The year 2000 is likely to be as mundane and ordinary as many that have gone before it; after all who remembers anything about the years 1000 or 1001; for the English 1066 is a more memorable date in that particular century. So once the hype of this particular milestone is over, our Guild and we ringers will still have our particular mission and witness to fulfil, and similar tasks and challenges to meet if our ancient art is to be passed on to the generations yet to come in succeeding years and centuries.
To my mind one cannot look to the future without looking to the past, to our roots and our history, to where we have come from. Our Guild was founded in 1879, and much has been achieved in our 120-year history. 2000 marks those many years since the birth of Christ, an event we as Christians look back to and celebrate each Christmas, and every time we thank God for the Annunciation, Incarnation, and Nativity of Jesus, and for the victory of the Cross, and the hope of the Resurrection.
There were no bells at Bethlehem that year of Christ’s birth and precious few by the year 1000. Our own 120-year history has seen tremendous strides in the installation and augmentation of bells in our towers, and their proper maintenance in an efficient and safe condition. This trend has continued with the plans brought to fruition in time for the Millennium, with augmentations planned or achieved at Whitchurch, Hurstbourne Priors, Shorwell and anticipated at various places elsewhere, and a new ring of six at Purbrook. Much to give thanks for; much to look forward to; and much more still to do!

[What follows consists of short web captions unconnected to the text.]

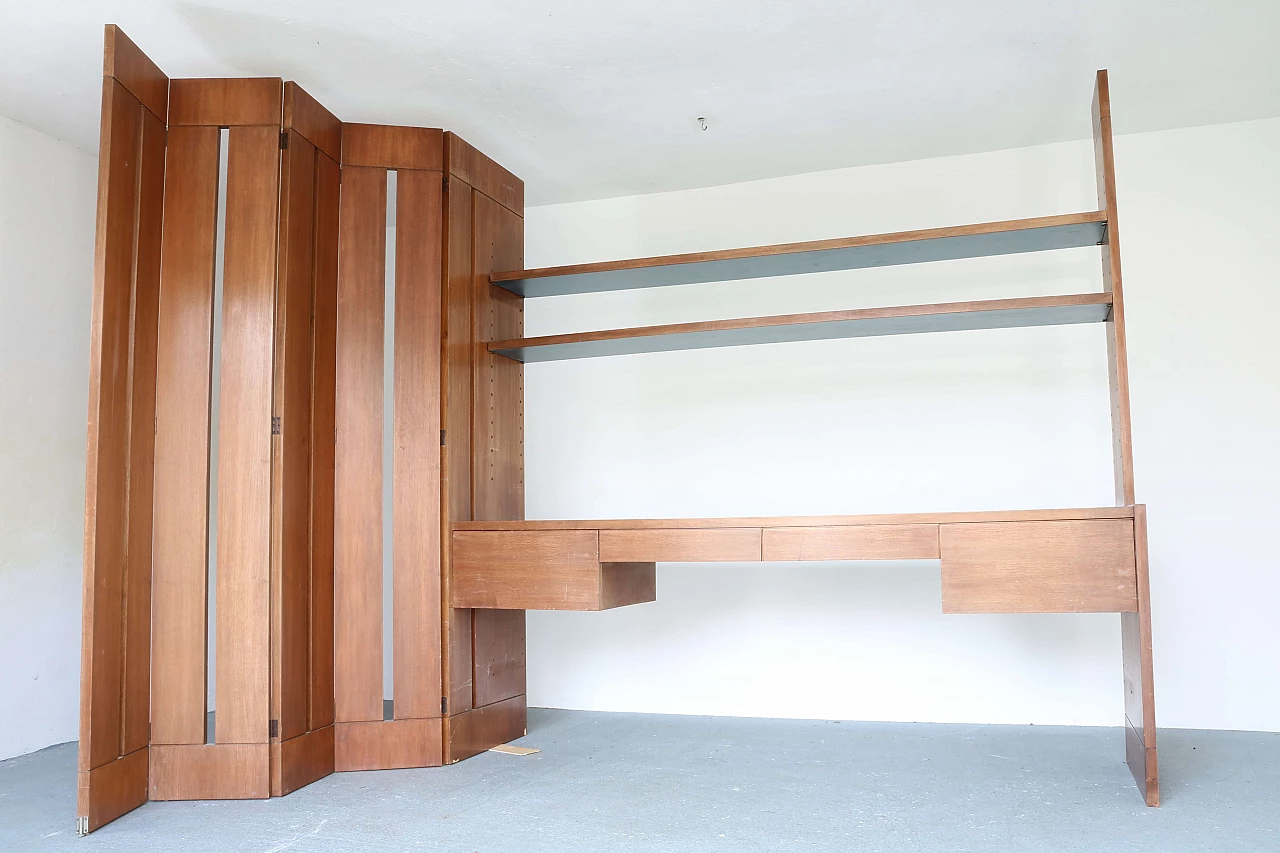 Mobile libreria con scrivania e separè in legno di noce, anni '60 1192915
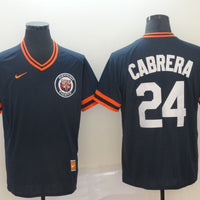 Men's Detroit Tigers Miguel Cabrera #24 Navy Replica Player Jersey1
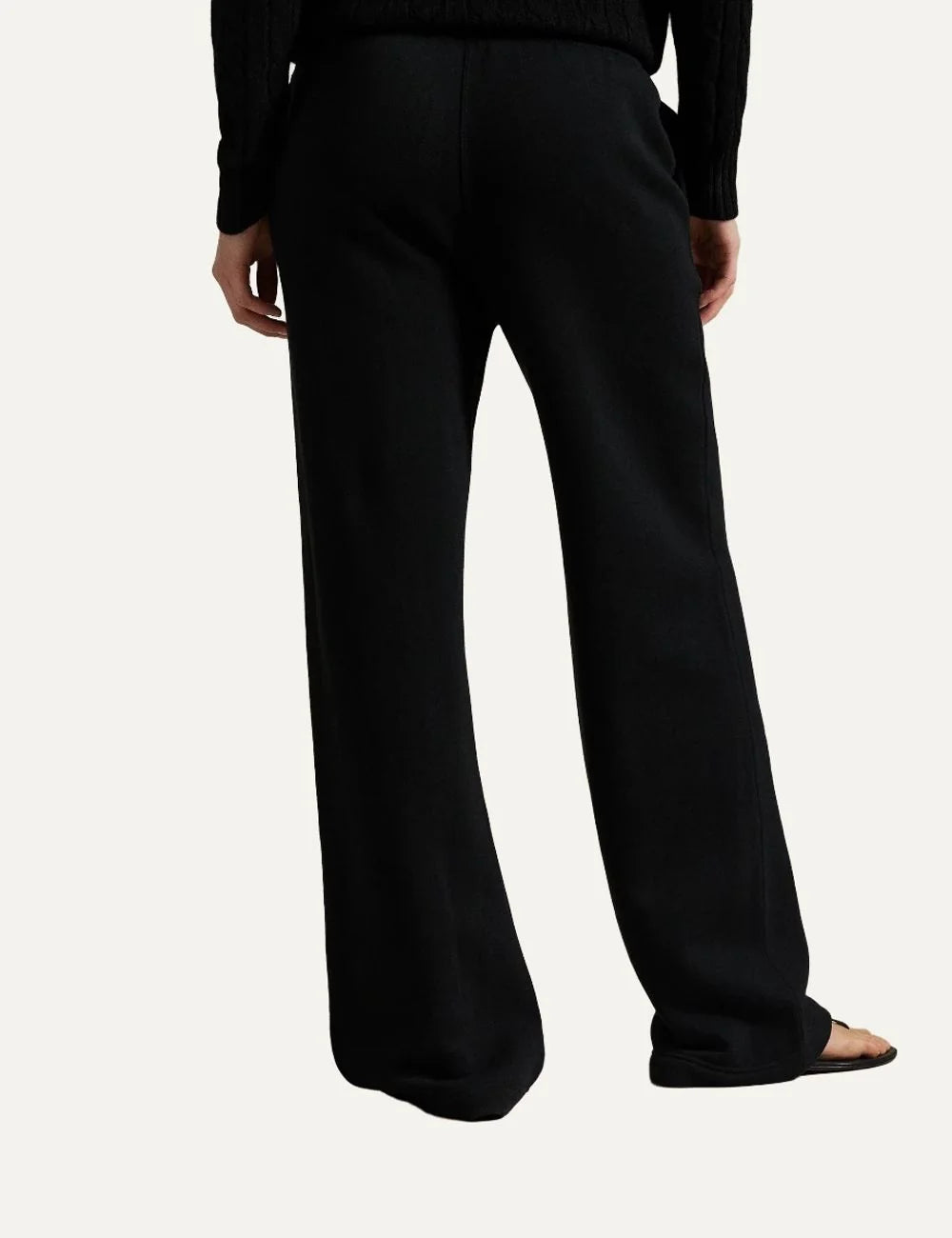 Polo Ralph Lauren women's black wide-leg sweatpants with white drawstring waist, side pockets and embroidered Pony logo back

I often enjoy The Ringing World feature “From the archives ...”, relating items from The Bell News from one hundred years before. Two such items concerned the will of the Earl of Winchelsea, who seems to have been a major benefactor with regard to the Church and in completing the peal of ten bells at Ewerby in Lincolnshire. Anxious to become a change ringer himself, he had got so far as to be able to cover (and indeed to become a member of the Society of Royal Cumberland Youths), before death intervened. However, he left capital to provide an annual income to the Ewerby ringers provided the bells had been regularly rung for divine service in the preceding year; a further sum if they had practised and done their best to acquire the art of change ringing; and £1 a year for a sermon to be preached on St Andrew’s Day commemorating the restoration of the Church and bells, etc. “and shall exhort the hearers that they do in their time and generation hand down so beautiful a monument of Christian heart and worship in as good a state as they received it”. Well, I doubt that you would get much of a sermon for £1 now, but The Bell News added “May we venture a hope that this benefaction may be imitated in time to come”. An earlier entry had noted “... when Nero and Caligula are forgotten the memory of Lord Winchelsea will still be clanging and reverberating upon the tortured tympanum”.
At the 1899 Henry Johnson Commemoration Dinner, nine years after the great man’s death, the chairman, J. S. Pritchett, applied this simile to Mr Johnson’s connection with the ringing Exercise - “He found brick and left marble”. As we prepare to enter the new millennium I hope the same can be said about us as a Guild and as individuals by those who come after us.